3. Once the previous function has been created, create another function `add_audio_features(df, audio_features_df)` to concat a given dataframe with the dataframe containing the audio features alongside any other desired info, and return the extended data frame. Replace the old internal files of songs (hot and not hot) with the extended data frames with the audio features and save them into separate files on the disk.

## Create a function to search a given single song in the Spotify API: 

`search_song(title, artist)`

Take into account that sometimes Spotify's API will return several matches for the same song title (different artists, a different album of the same artist, version of the song,...etc). Then it will be nice to display a list of outputs to the user and let him/her select which is the right match. Once the desired song is located, the function should return the href/id/uri of the song to the code (not to the user). Keep in mind, that a given song might not be available on Spotify's API (make sure to use the song's title and artist searching the song). If the song is not found, the function must return an empty string as the href/id/uri. Also, in this case, you should remove this song from the database

In [1]:
from config import *
# 'congif' is the name of the file where we saved the credentials

In [2]:
# import libraries
import spotipy
import json
from spotipy.oauth2 import SpotifyClientCredentials
import pandas as pd
from time import sleep
from random import randint
import numpy as np

In [3]:
#Initialize SpotiPy with user credentias # 
sp = spotipy.Spotify(auth_manager=SpotifyClientCredentials(client_id=client_id,
                                                           client_secret=client_secret_id))

### User's song ID(s)

In [4]:
def search_song(title, artist, limit=5):
    id_song = []
    # Search for song on Spotify
    query = "artist: " + artist + " track: " + title
    
    # Get ID if found, else add NaN
    try: # if everything goes well
        results = sp.search(q=query, limit=limit)
        song_id = results["tracks"]["items"][0]["id"]
        id_song.append(song_id)
    
    
    except:
        song_id = np.nan
        id_song.append(song_id)
        print("ID not found for {} and {}".format(artist, title))

    # Wait 25 seconds before getting the next batch of songs
    # sleep(25)  
    return id_song

In [5]:
search_song("quater past midnight", "bastille")

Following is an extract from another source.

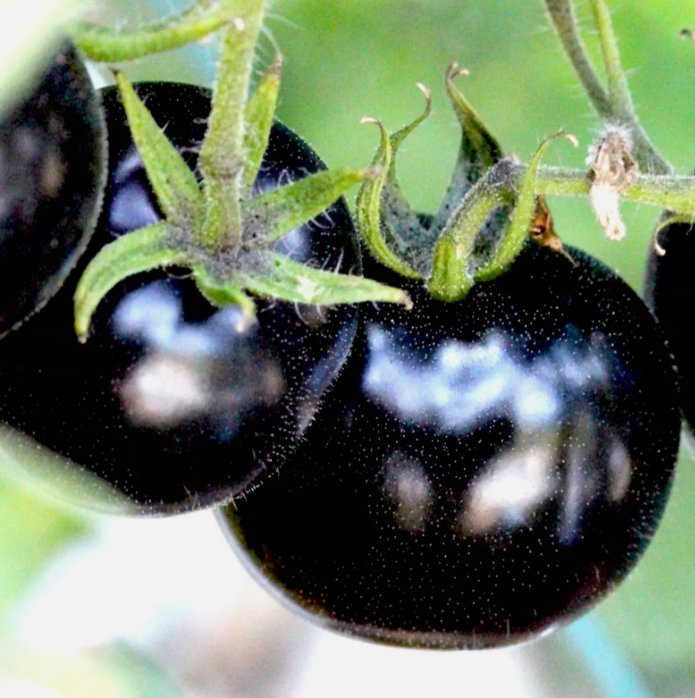 75 European Black Cherry Tomatoes Seeds Sweet Tasty Heirloom Nongmo Rare Juicy Buy Seeds Online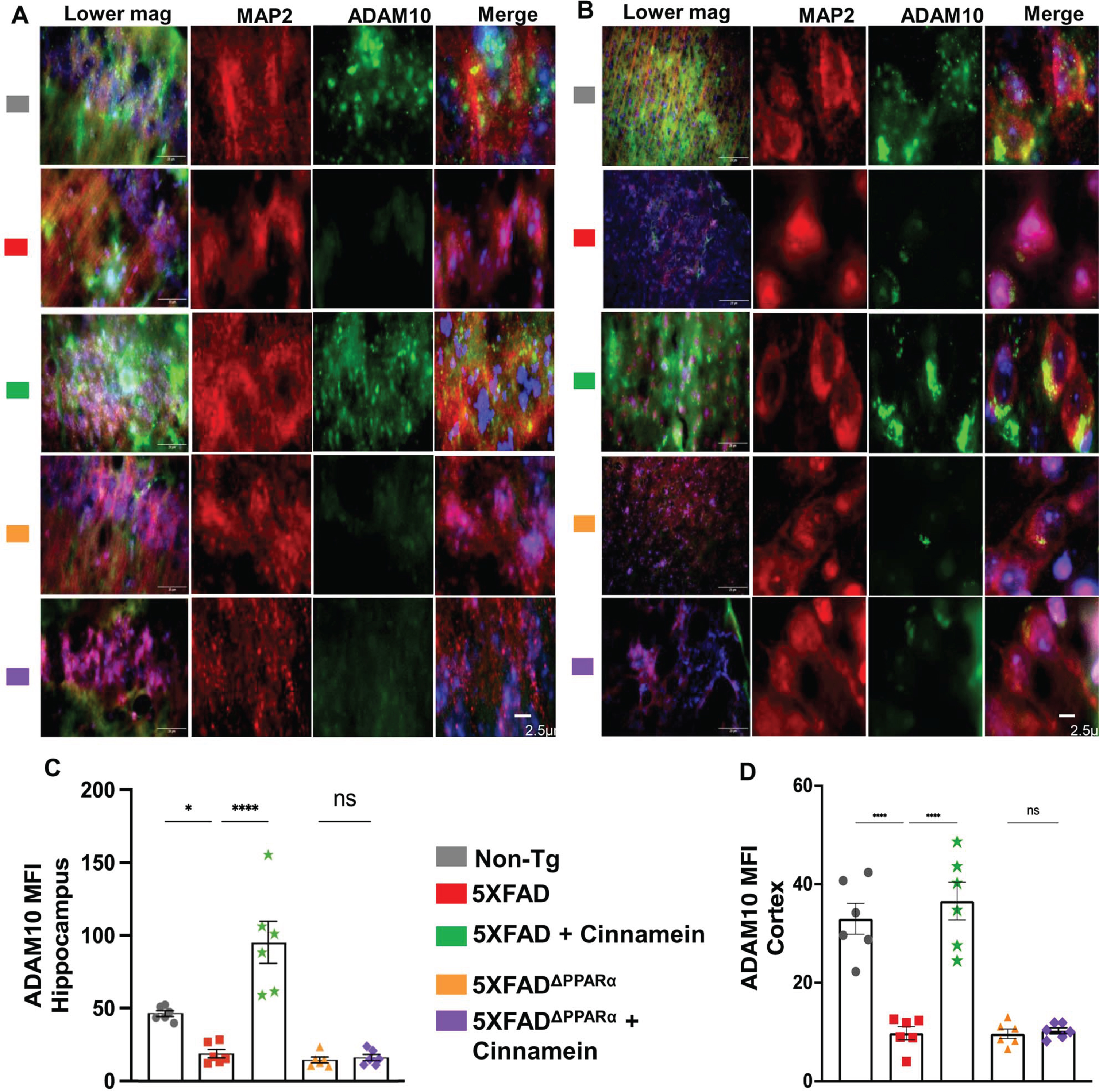 Oral cinnamein upregulates ADAM10 in vivo in the hippocampus and cortex of 5XFAD mice via PPARα. Six-month-old 5XFAD and 5X FADΔPPARα mice (n = 6) were treated with cinnamein orally (50 mg/kg/day) for one month followed by double-labeling of MAP2 and ADAM10 (A, hippocampus; B, cortex). Mean fluorescence intensity (MFI) of ADAM10 (C, hippocampus; D, cortex) was quantified in one section of each of six mice per group. All data, analyzed with Prism, represent the mean±SEM. One-way ANOVA followed by Šìdák’s multiple comparisons test was used for statistical analysis. *p < 0.05; ****p < 0.0001; ns, not significant.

['0Tl408cie1ksydV7s6KuWD']

### IDs from 'hot-songs' and 'not-hot-song' dataframes
- Read both dataframes
- Apply function to extract IDs of songs
- Store IDs as new column in dataframe

In [6]:
data_not_hot = pd.read_csv('not_hot_songs.csv') # big dataframe (with not-hot songs)
data_not_hot.head()

Unnamed: 0,titles,artists
0,Twelfth Street Rag,Pee Wee Hunt
1,Mañana (Is Soon Enough for Me),Peggy Lee
2,Now Is the Hour,Bing Crosby
3,A Tree in the Meadow,Margaret Whiting
4,"You Can't Be True, Dear",Ken Griffin


In [7]:
data_hot = pd.read_csv('hot_songs.csv') # small dataframe (with hot songs)
data_hot.head()

Unnamed: 0,titles,artists
0,Kill Bill,SZA
1,Last Night,Morgan Wallen
2,Flowers,Miley Cyrus
3,Princess Diana,Ice Spice & Nicki Minaj
4,Ella Baila Sola,Eslabon Armado X Peso Pluma


In [8]:
def get_songs_ids(df):
    id = []

    for i in range(0, len(df), 100):
        # get batch (chunks) of songs
        chunk = df.iloc[i:i+100]

        # iterate through songs in chunk, getting Spotify IDs
        for index, row in chunk.iterrows():
            # Search for song on Spotify
            title = row["titles"]
            artist = row["artists"]
            query = "artist: " + artist + " track: " + title        

            # Get ID if found, else add NaN
            try: # if everything goes well
                results = sp.search(q=query, limit=1)
                song_id = results["tracks"]["items"][0]["id"]
                id.append(song_id)
                
            except:
                song_id = np.nan
                id.append(song_id)
                print("ID not found for {} and {}".format(row['artists'], row['titles']))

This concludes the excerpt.